Bad things have happened.  The front lawn has strange dead patches.  I have no idea how that happened.  The back yard has thriving vines and a beautiful rose bush, but a fair crop of Johnson grass and various other weeds as well.  This fall I decided enough was enough.  I was going to conquer my fear and become a gardener.

Because it was fear, more than laziness, that kept me from donning a pair of nubbly gloves and attacking Mother Nature.  I have always been terrified of making mistakes.  And when you are new to something, it is virtually guaranteed that you are going to screw up.  I was afraid I would pull up the crape myrtles mistaking them for a weed or a "trash tree."  Afraid that in my ignorance I would kill all the good and nurture all the bad.
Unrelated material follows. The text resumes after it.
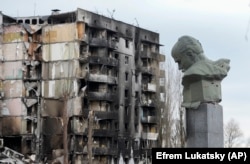 Пам'ятник Тарасу Шевченку, пошкоджений обстрілами російських військових під час масштабного вторгнення Росії до України, Бородянка, 7 квітня 2022 року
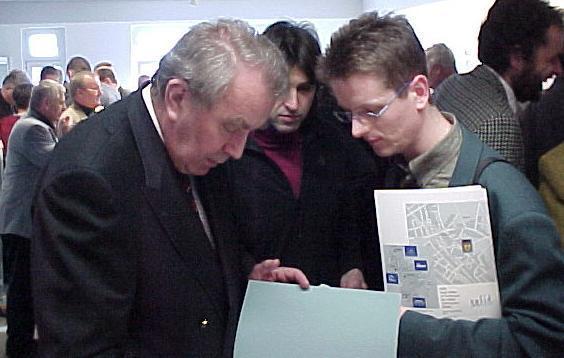 Staatssekretär Spitzner (links) im interessierten Dialog mit Thomas Seltmann, Solaragentur (rechts) und Karl Halbmeier, Frankensolar (Mitte)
This fall, however, I decided to be brave.  I looked at my front lawn, wished it was pretty, and realized it wasn't going to get there without me.  Collaborating with my husband, we planted some winter rye and I dug up some weeds.  It improved.  I was inspired.  We went to a nursery where I purchased several flats of winter-friendly bedding plants.  Some shriveled up and died.  But others made it.  And looked pretty.  Nothing like the arboretum-esque gardens I drool over in magazines and that my family can replicate, but nice.  Intentional.  Like somebody loved that little flower bed.

So now that spring is waning and summer quickly approaching, I turned my attention to the wild, overgrown garden that surrounds our pool.  Most of it is the vines that were planted there intentionally and look gorgeous.  But they are intermingled with undesirables: baby trees far too close to the fence line, unsightly knee-high weeds, fantastically healthy dandelions.  With a deep breath, I grabbed the clippers and went for it.  With my limited horticultural knowledge I was fairly sure I would destroy something nice.

And I did.  While my children splashed happily in the pool, I stared with no small amount of dismay at an area of Virgina Creeper that was drooping dangerously.  By this evening, I have had to admit... that part's dead.  In my zeal to clear the debris, I over-pruned and destroyed.

But I'm not going to despair.  I'm going to take the advice I give my own children:  you have to fail sometimes if you are ever going to learn.  It's a tough pill to swallow and, no, my kids do not believe me on this one yet.  It doesn't make it any less right.  My garden still looks intentional, like somebody loves it.  It's just somebody who got a little clipper happy.

The Virginia Creeper is going to be fine, I think.  It is still thick and healthy further down the fence and it should do its job and creep along, covering up my mistake by summer's end.  In the meantime, I moved my husband's gas grill in front of the bald spot so it looks like maybe I meant to do that for fire safety reasons or something.  Maybe I'll hang a bird feeder.  It'll be alright.  And the important thing is, I'm trying.  I'm not letting it fall to the slow decay of neglect out of fear that I might be less than perfect.  I'm failing and I'm learning and remembering that, really, that's what life is all about.